◆ **PROMPT**
Print the entries verbatim, leaving out the images they contain.

[Data extracted from a collection]
☆ ☆ ☆ ☆ ☆ ☆ ☆
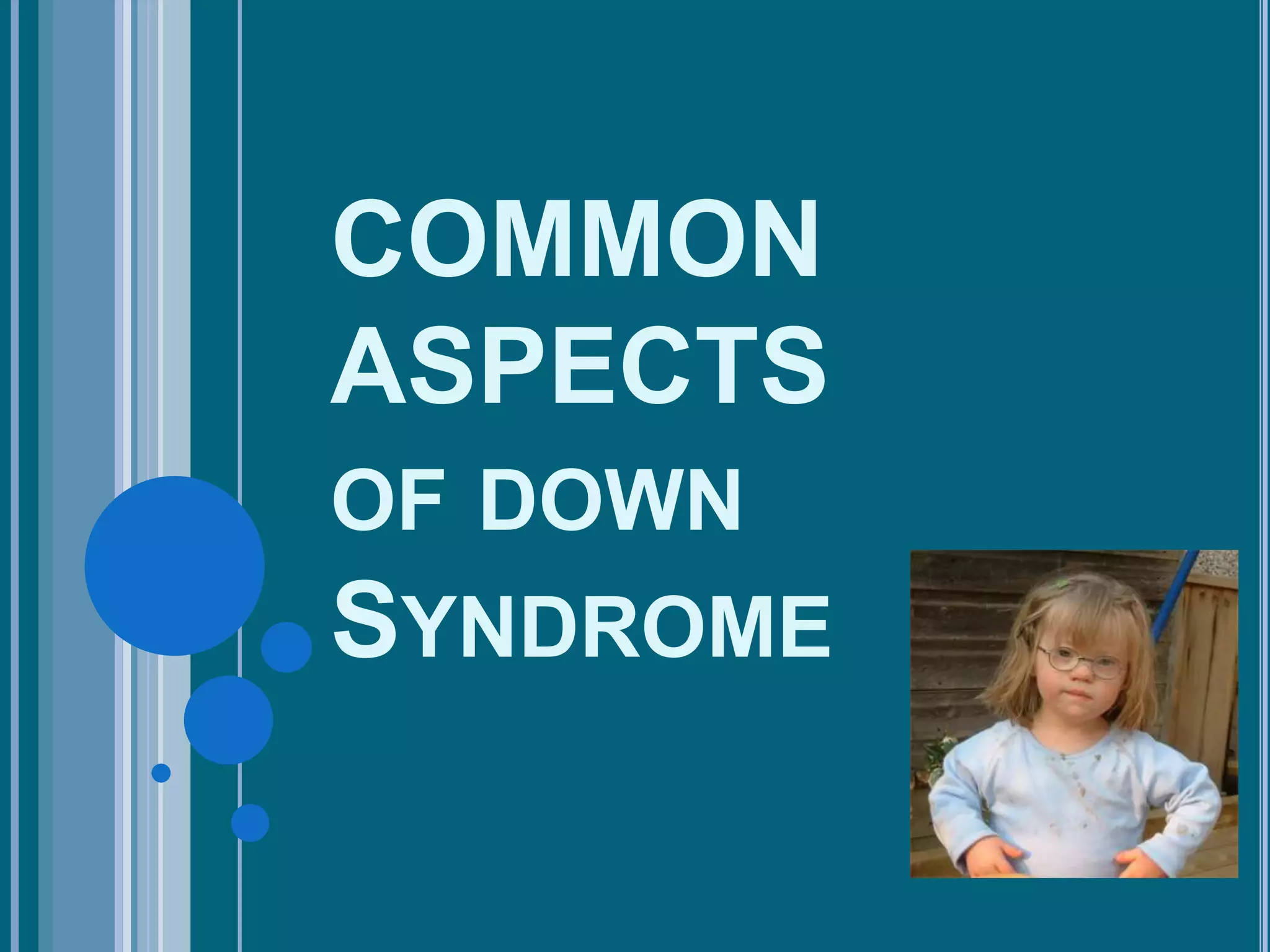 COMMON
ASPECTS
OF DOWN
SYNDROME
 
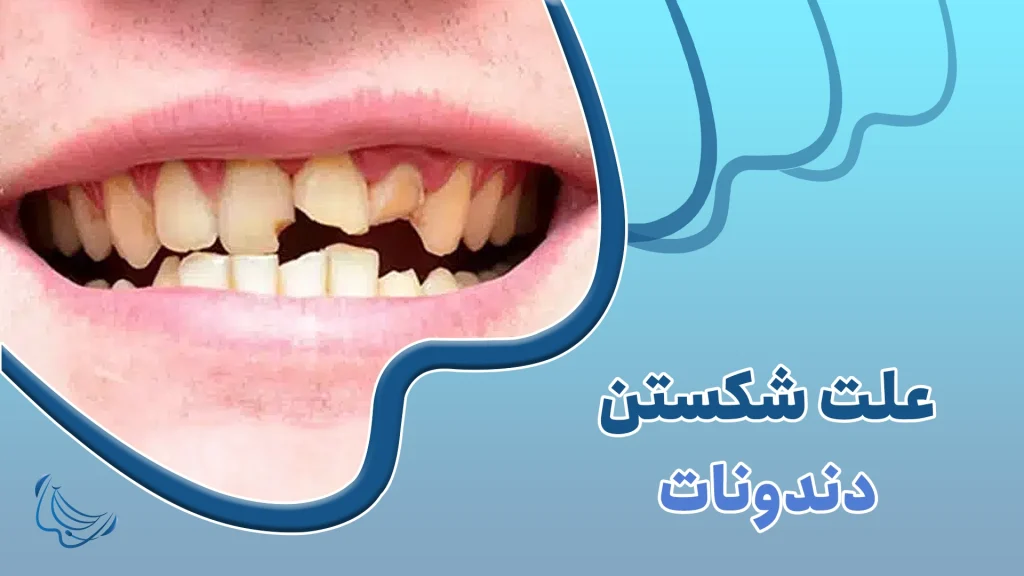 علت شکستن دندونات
☆ ☆ ☆ ☆ ☆ ☆ ☆
◆ **SOLUTION TO THIS PROBLEM**
 COMMON
ASPECTS
OF DOWN
SYNDROME
 
 علت شکستن دندونات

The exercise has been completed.